- **Work item**
Pictures must not appear in the copy. Restate exactly the lines below from the one with "For Cars Spray" through the one with "i-PRO WV-S1136A 2", inclusive.

- **Available records**
* * * *
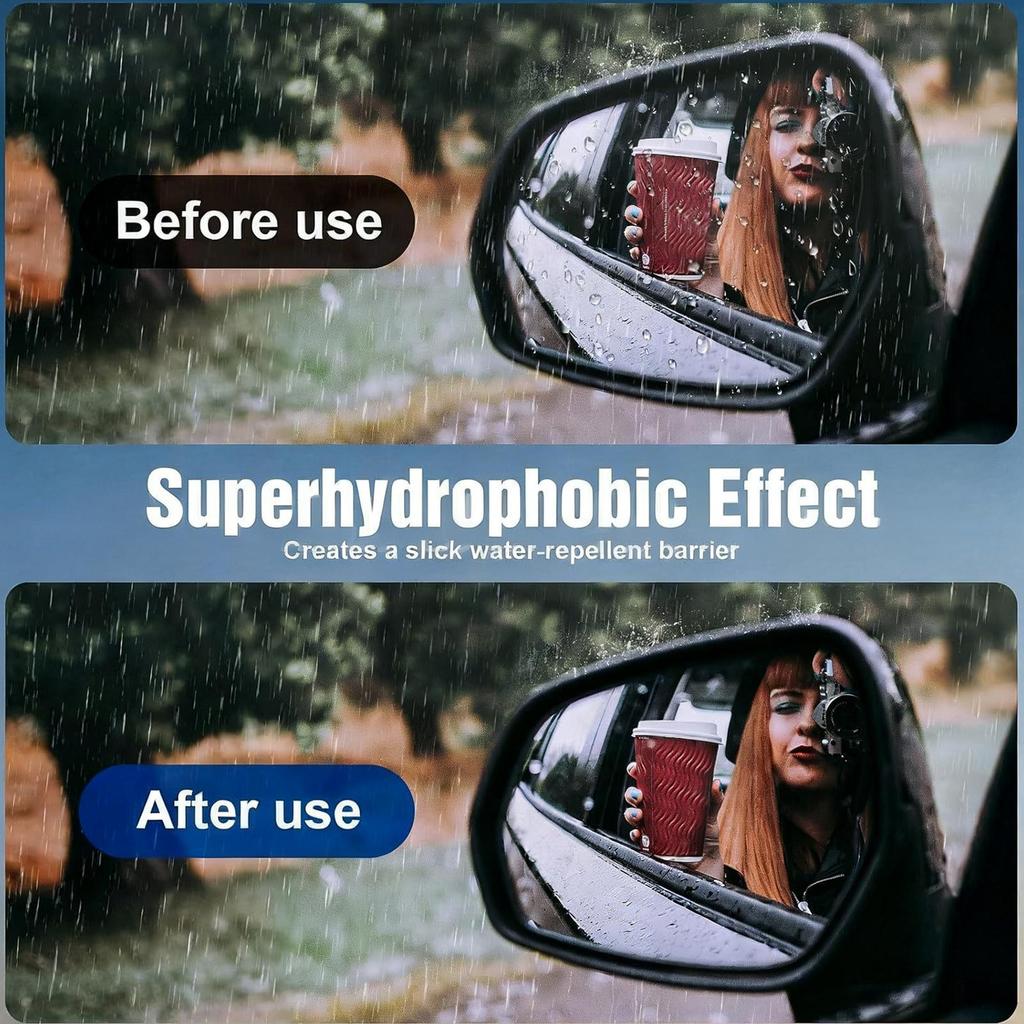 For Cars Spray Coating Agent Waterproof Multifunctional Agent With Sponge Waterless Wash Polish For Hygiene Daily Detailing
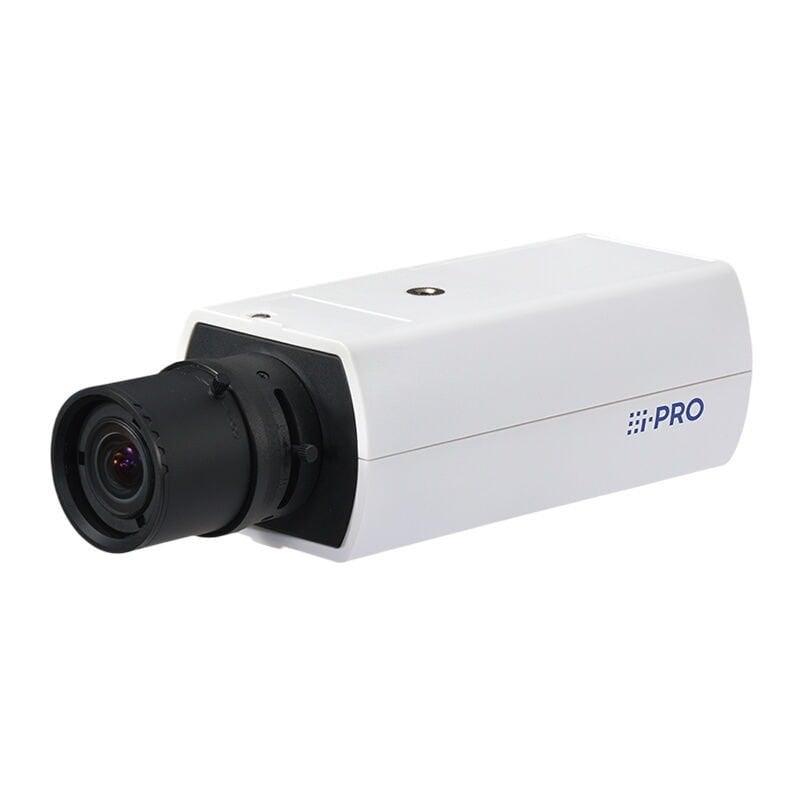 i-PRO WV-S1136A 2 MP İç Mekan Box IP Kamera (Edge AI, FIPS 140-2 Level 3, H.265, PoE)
* * * *
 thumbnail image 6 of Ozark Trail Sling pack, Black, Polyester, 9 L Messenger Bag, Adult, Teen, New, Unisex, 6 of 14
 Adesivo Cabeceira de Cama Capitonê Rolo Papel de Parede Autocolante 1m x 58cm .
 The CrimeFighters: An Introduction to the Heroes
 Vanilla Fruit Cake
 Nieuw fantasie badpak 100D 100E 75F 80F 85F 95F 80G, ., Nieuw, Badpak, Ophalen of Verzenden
* * * *
- **Response**
 For Cars Spray Coating Agent Waterproof Multifunctional Agent With Sponge Waterless Wash Polish For Hygiene Daily Detailing
 i-PRO WV-S1136A 2 MP İç Mekan Box IP Kamera (Edge AI, FIPS 140-2 Level 3, H.265, PoE)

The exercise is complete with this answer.